I would guess that the cause of radial surface waviness between round plastic plates with one rotating (presumably without interface lubrication) is thermal deformation perhaps related to different surface roughness conditions and/or differences in subsurface porosity. Hot spots are known to occur on the surface of rotating disks which sometimes move around to different locations. Is your surface distortion just an arc across the radius or is it more like a sinewave? We've had experience with rotating annular rings of resin impregnated , but still porous, carbon graphite material showing radial waviness after some period of operation with water-lubricated fluid film bearing average pressures  near 50 psi (peak pressure up to 150 to 175 psi). High contact pressure effects may be involved with your plastic disks.

The surface distortion is more like a sine wave. I learned that the part was molded cold, which for this semi-crystalline material would result in less crystallinity and lower wear resistance. I think this will be retested after being molded in a hot mold. There is another similar application that wears evenly, but I think the force or contact pressure is less. So it sounds like there may be a critical level of contact pressure which could cause this phenonmenon. I also posted this in the Plastics Engineering section.
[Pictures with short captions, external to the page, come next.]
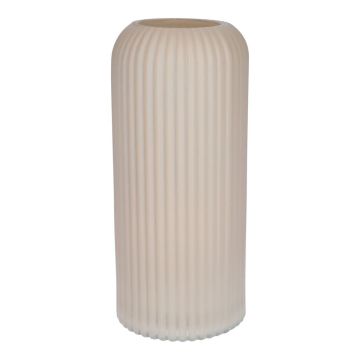 Vaso in vetro ALBURGIS con scanalature, color crema opaco, 25 cm, Ø 10 cm Vaso in vetro ALBURGIS con scanalature, color crema opaco, 25 cm, Ø 10 cm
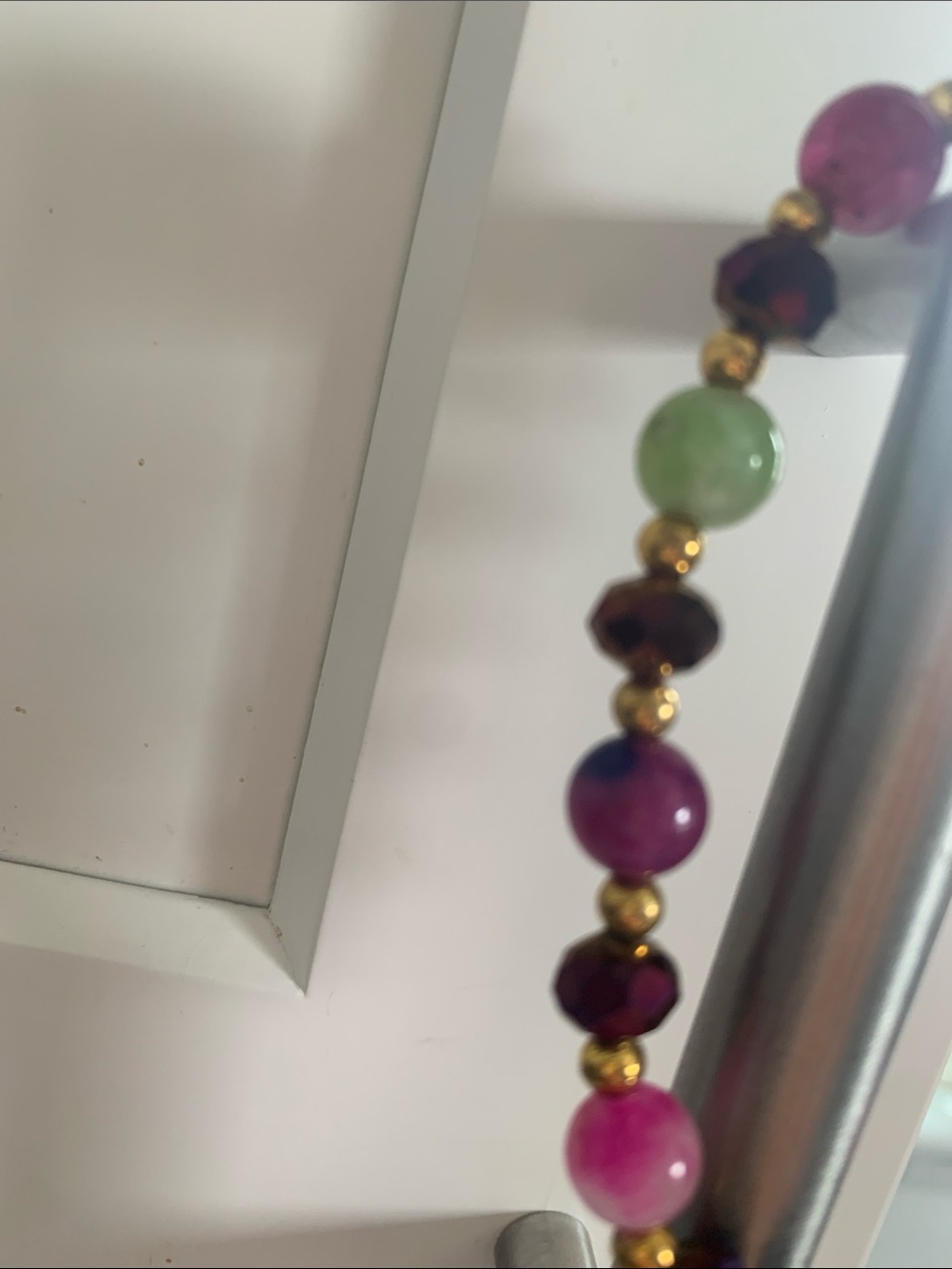 Beautiful Pink, Purple & Green Beaded Bracelet with Gold Leaf Charm - Picture 4 of 5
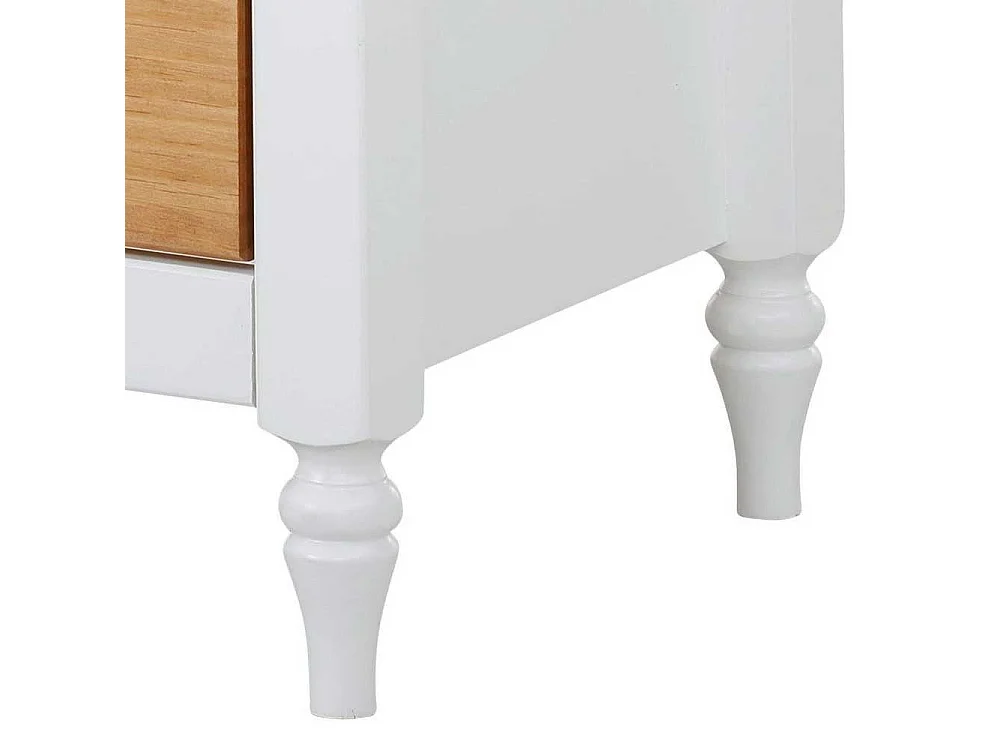 Landhaus Nachtkonsole mit zwei Schubladen Kieferfarben und Weiß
PV values for various polymers are bar-charted in Fig. 6.2 of Myshkin,N.K., Kim,C.K. & Petrokovets,M.I. (1997), "Introduction to Tribology", Cheon Moon Gak (Korea)ISBN 89-7088-465-3. Five materials with PV above 1.0 MPascal-meters/sec. are carbon -filled nylon and PEEK-PTFE, Phenol fabric laminate, #8 (unidentified) and polyimide. Others of the 12 types listed have PVs of less than 0.5 some as low as 0.1.

Both DSM and LNP publish interesting data on the frictional properties of plastics.
Nylon 4.6 (Stanyl by DSM) is an interesting material if you are looking for excellent PV.
You might not see it listed outside DSM's data as it is a relativly new polymer.
It is very highly crystalline, and as such is not all that mould temperature sensitive (re crystalisation) as it reaches it's maximum crystalinity almost instantly.
It has good physicals up to it's melting point of about 300 deg C. A major application because of this is Automotive Timeing Chain Tensioners and Guides, where it typically tests at over 3 times the life of MoS2 filled nylon 6.6, and up to 10 times in one case

Regards
pat

I think the fact that the center of the disk is not fixed uniformly may be part of the problem. This leads to a nonuniform stiffness, thus nonuniform deflection and force distribution around the circumference, which could cause uneven wear. The part is gated on the side, which results in nonuniform fiber flow across the part. This additional variation in stiffness is also a possible contributor. Thanks for the info on this problem.

Consider calculating the temperature rise based on energy absorption in the braking mode. (Q = m.c.delta T) If you find this too high, consider a material change: metal to metal; metal to fiber; metal to other clutch type material. Most plastics have low specific heat and conductivity, and they cannot take much temp rise. A well-placed thermocouple will tell you the temp at braking and repeated applications.